Prediction of Fatty Liver Disease in a Chinese Population Using Machine-Learning Algorithms

Diagnostics (Basel). 2023 Mar 18;13(6):1168. doi: 10.3390/diagnostics13061168.

Abstract

Background: Fatty liver disease (FLD) is an important risk factor for liver cancer and cardiovascular disease and can lead to significant social and economic burden. However, there is currently no nationwide epidemiological survey for FLD in China, making early FLD screening crucial for the Chinese population. Unfortunately, liver biopsy and abdominal ultrasound, the preferred methods for FLD diagnosis, are not practical for primary medical institutions. Therefore, the aim of this study was to develop machine learning (ML) models for screening individuals at high risk of FLD, and to provide a new perspective on early FLD diagnosis.

Methods: This study included a total of 30,574 individuals between the ages of 18 and 70 who completed abdominal ultrasound and the related clinical examinations. Among them, 3474 individuals were diagnosed with FLD by abdominal ultrasound. We used 11 indicators to build eight classification models to predict FLD. The model prediction ability was evaluated by the area under the curve, sensitivity, specificity, positive predictive value, negative predictive value, and kappa value. Feature importance analysis was assessed by Shapley value or root mean square error loss after permutations.
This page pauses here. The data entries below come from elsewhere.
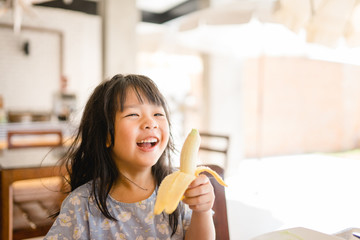 Happy Little girl eating banana.5 years old girl eat banana in restaurant.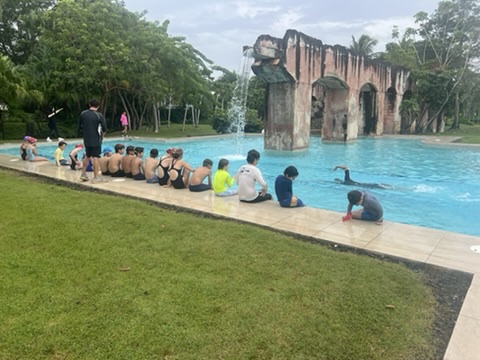 Leading a group swim lesson at Isla Swim Academy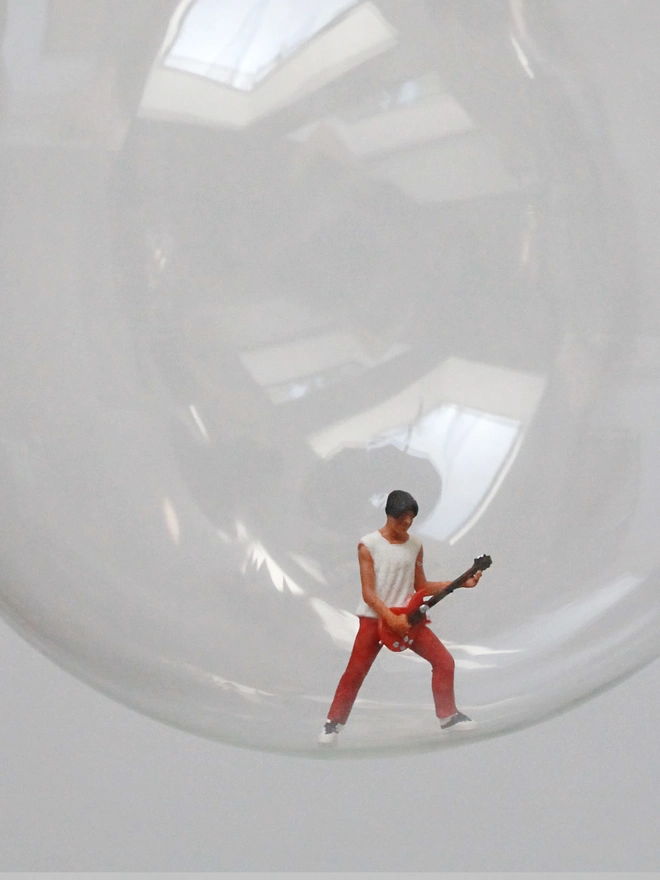 Miniature figure of a guy playing an electric guitar in a glass Christmas bauble - close up 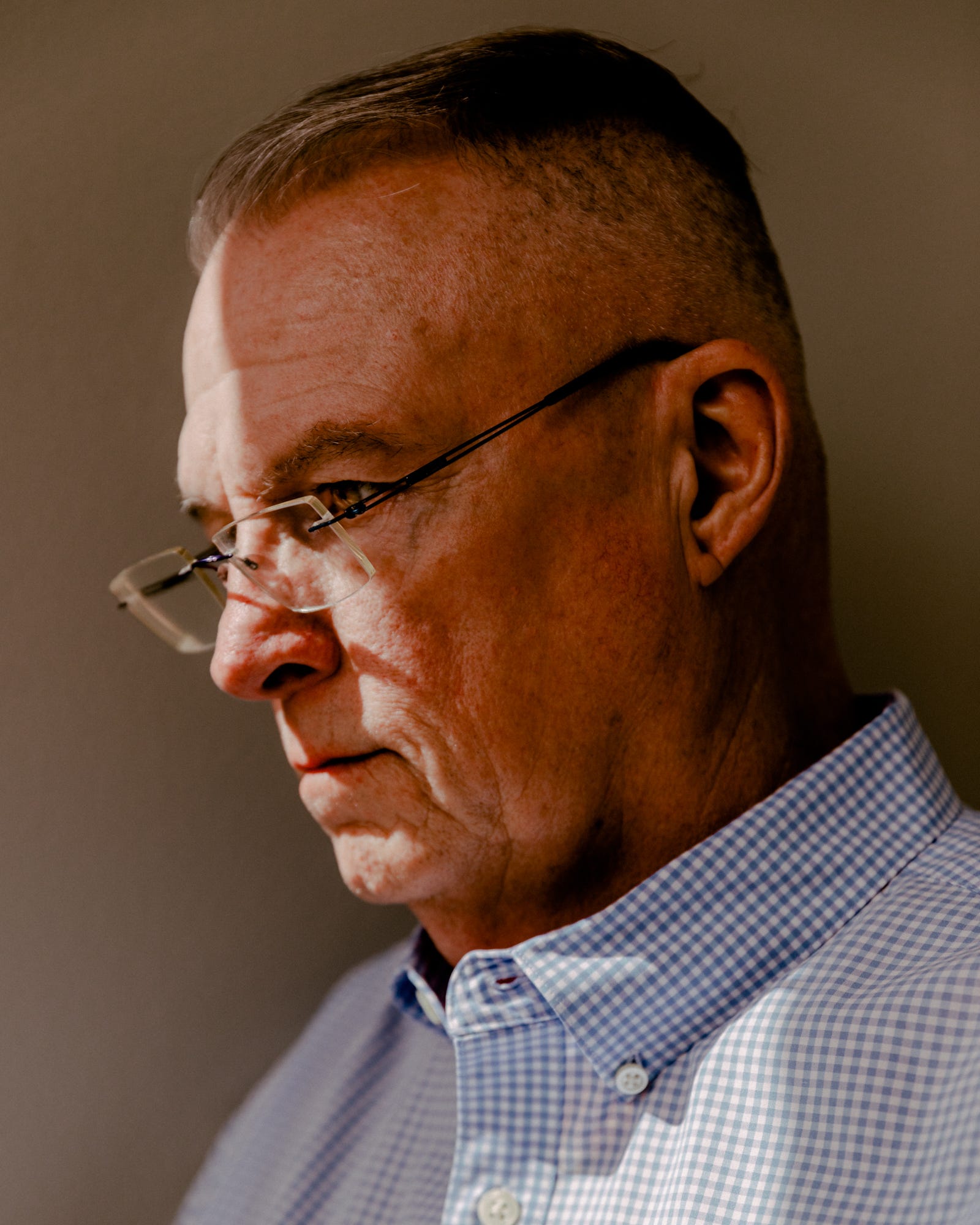 Michael Widenhoefter-Wilder, wearing glasses, stands in a sliver of sunlight.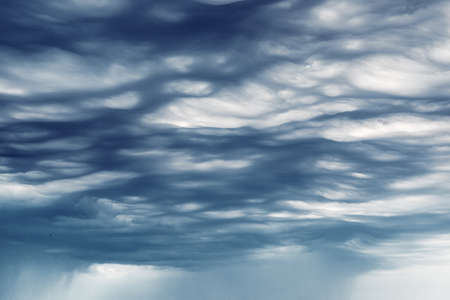 Background Wave storm clouds with rainの写真素材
Results: Among the eight ML models, the prediction accuracy of the extreme gradient boosting (XGBoost) model was highest at 89.77%. By feature importance analysis, we found that the body mass index, triglyceride, and alanine aminotransferase play important roles in FLD prediction.

Conclusion: XGBoost improves the efficiency and cost of large-scale FLD screening.

Keywords: XGBoost; early screening; fatty liver disease; machine learning.